Today, I walked into an antique shop. I like to browse the
old things—“treasures” the man at the shop called them.
I bought a pair of clip-on earrings, but I can’t even wear
them because of my gauges, and they hurt my ears anyways. I got them because
they remind me of my grandma. Both grandmas & their old jewelry boxes full
of large, heavy clip-on earrings.
I bought a paperweight. It’s a delicate, egg-shaped mauve:
heavy. It seemed like the thing to do—like every writer should have a nice
glass paperweight. Also, it reminded me of 1984—buying
a paperweight from an antique shop.
I have a problem with books; I even bought one of the four
total at the antique shop of all places. It’s not that I want my life to echo
the books I have loved; I certainly don’t. (Besides, who ever remembers the end
of most books? You don’t; you remember the details in the middle. When your
life is over, you’re just dead, and people have no choice but to remember that.)

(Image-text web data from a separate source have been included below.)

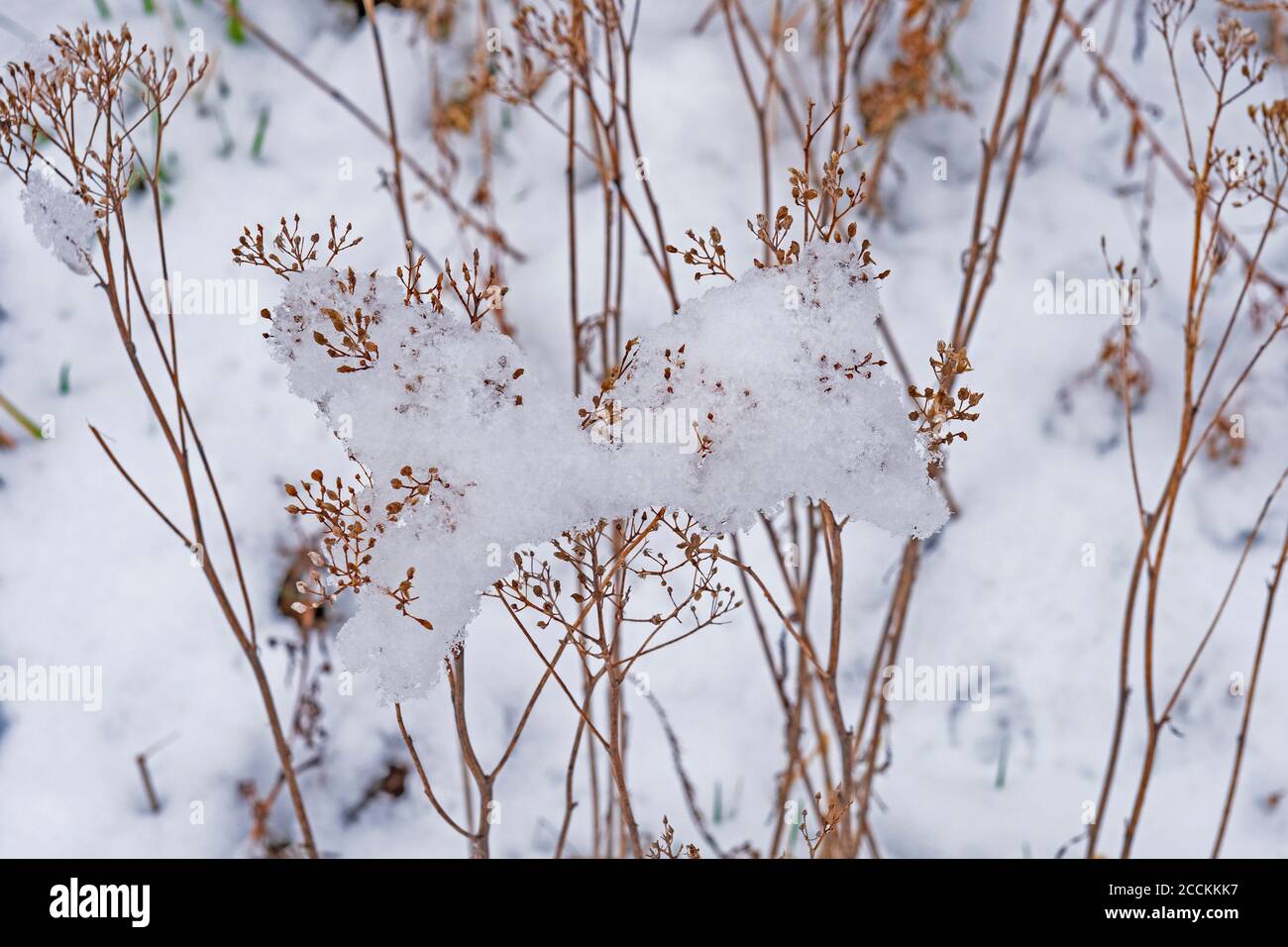 Snowfall Suspended in Prairie Plants in the Ned Brown Preserve in Illinois Stock Photo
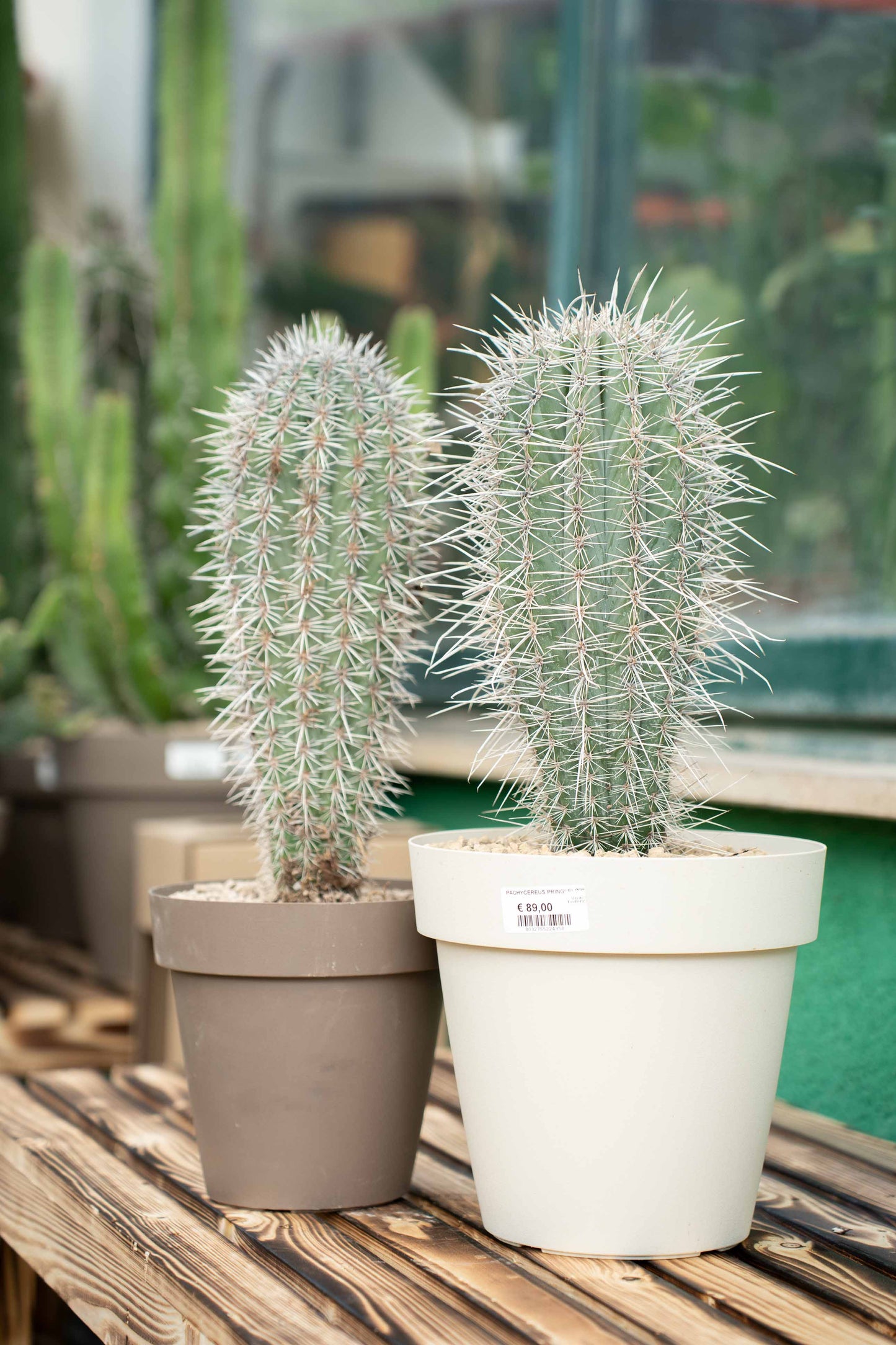 Pachycereus pringlei
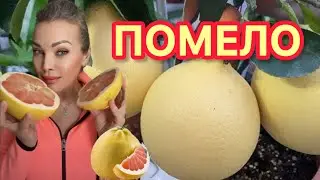 ПОМЕЛО🍊ЛУЧШИЙ СЖИГАТЕЛЬ ЖИРА + ВОСХИТИТЕЛЬНЫЙ ВКУС 🍊КОРОЛЬ ЦИТРУСОВЫХ 🍊ПОПОРБУЙ И ПОЛЮБИШЬ НАВСЕГДА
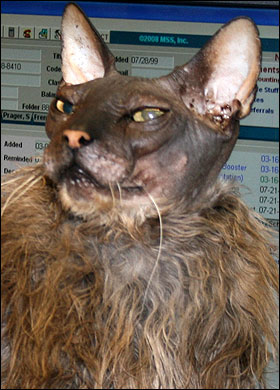 uglycat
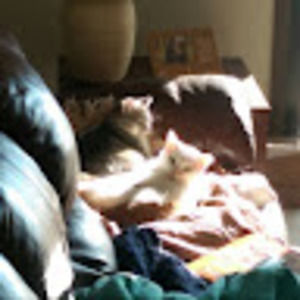 Meet your Posher, Tyler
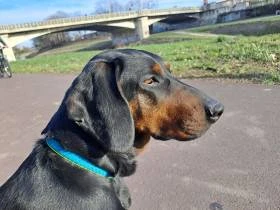 Z Baldského lesa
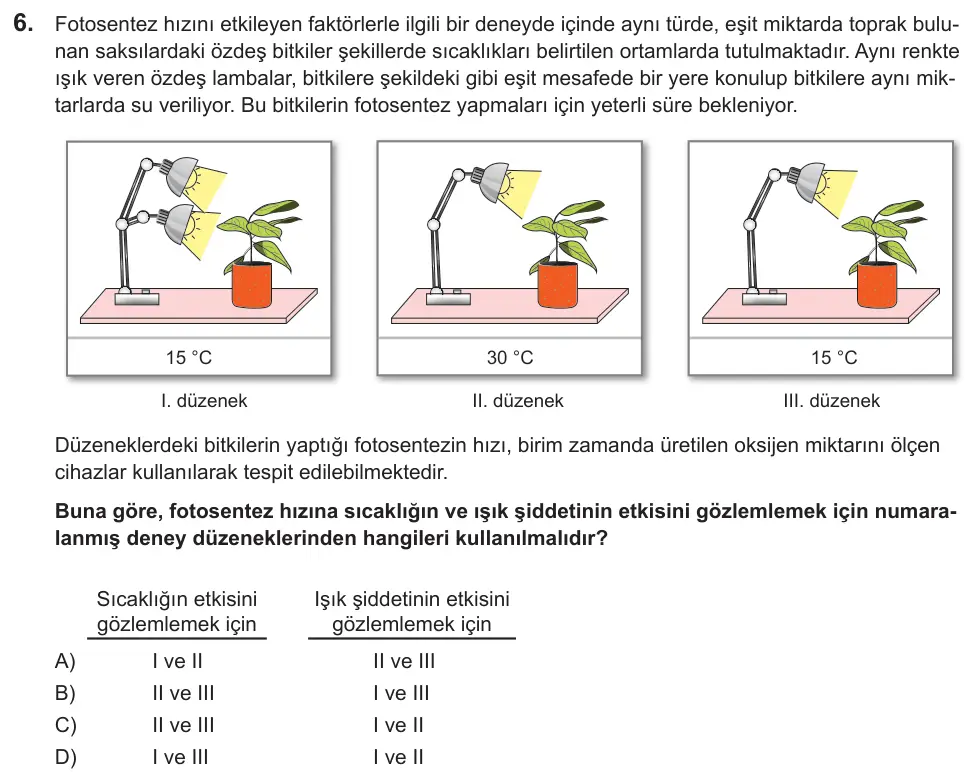 LGS 2022 Sayısal Fen Bilimleri 6. Soru görseli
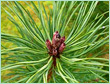 Pine Sylvestris Oil - Pale Yellow, Steam Distilled | Fatigue Relief, Cleansing, Circulation Improvement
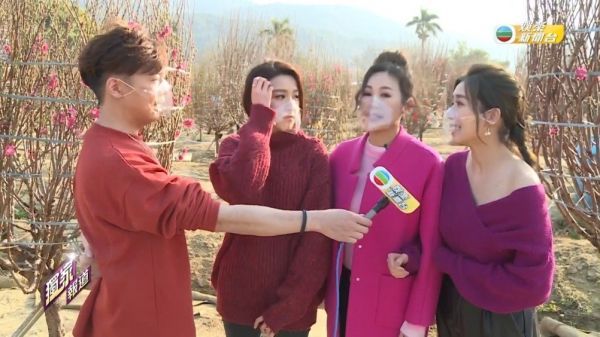 分享买年花心得 自爆因爲桃花而惹嚟狂蜂浪蝶?!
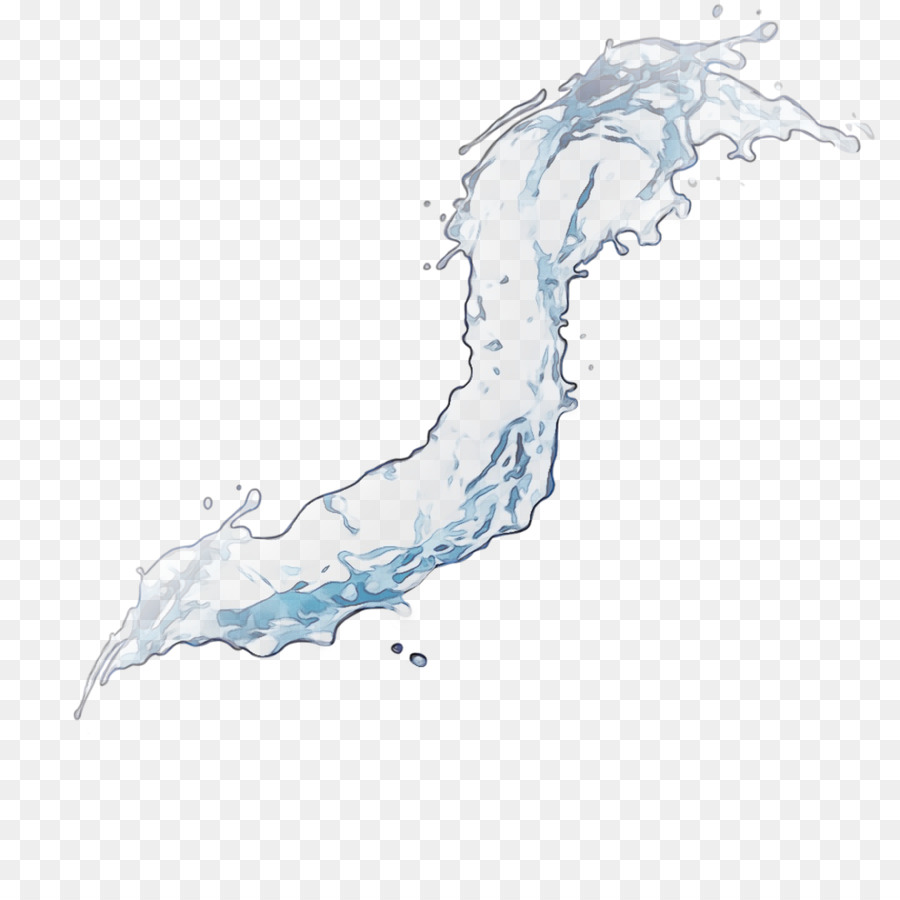 Agua，Organismo PNG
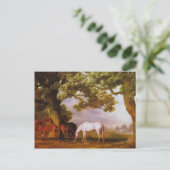 George Stubbs- Mares & Foals in een bebost landsch Briefkaart (Staand voorkant)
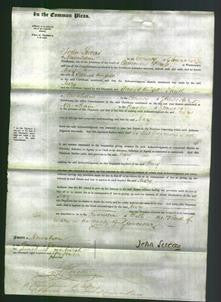 Court of Common Pleas - Mary Knight-Original Ancestry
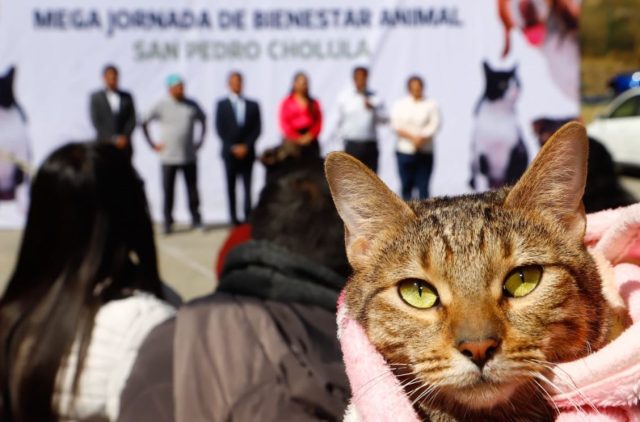 Realiza Gobierno de San Pedro Cholula Mega Jornada de Esterilización para mascotas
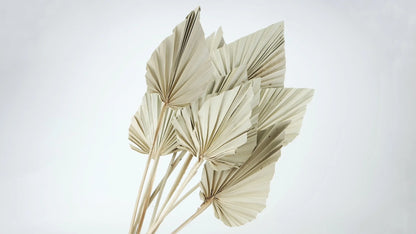 Natural color dried palms size M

I love books because they let you relive the past, though not your own &
often not even a past that ever was.
I went to my favorite used bookshop. I purchased the
complete stories of Flannery O’Connor. I decided to read one out loud to Pickle
this evening. I was about a paragraph—half a page, maybe—into a story when I froze.
I suddenly remembered reading O’Connor’s “Revelation” out loud to Derek in the
hospital. Then I remembered listening to her short stories on audiotape during
the long commute back and forth to school after Derek died. I can hear the man
on the tape’s voice reading the title “Everything that Rises Must Converge”.
Most days I didn’t hear much more than the title; it was just noise to drown
out all else but the passing lights on the highway.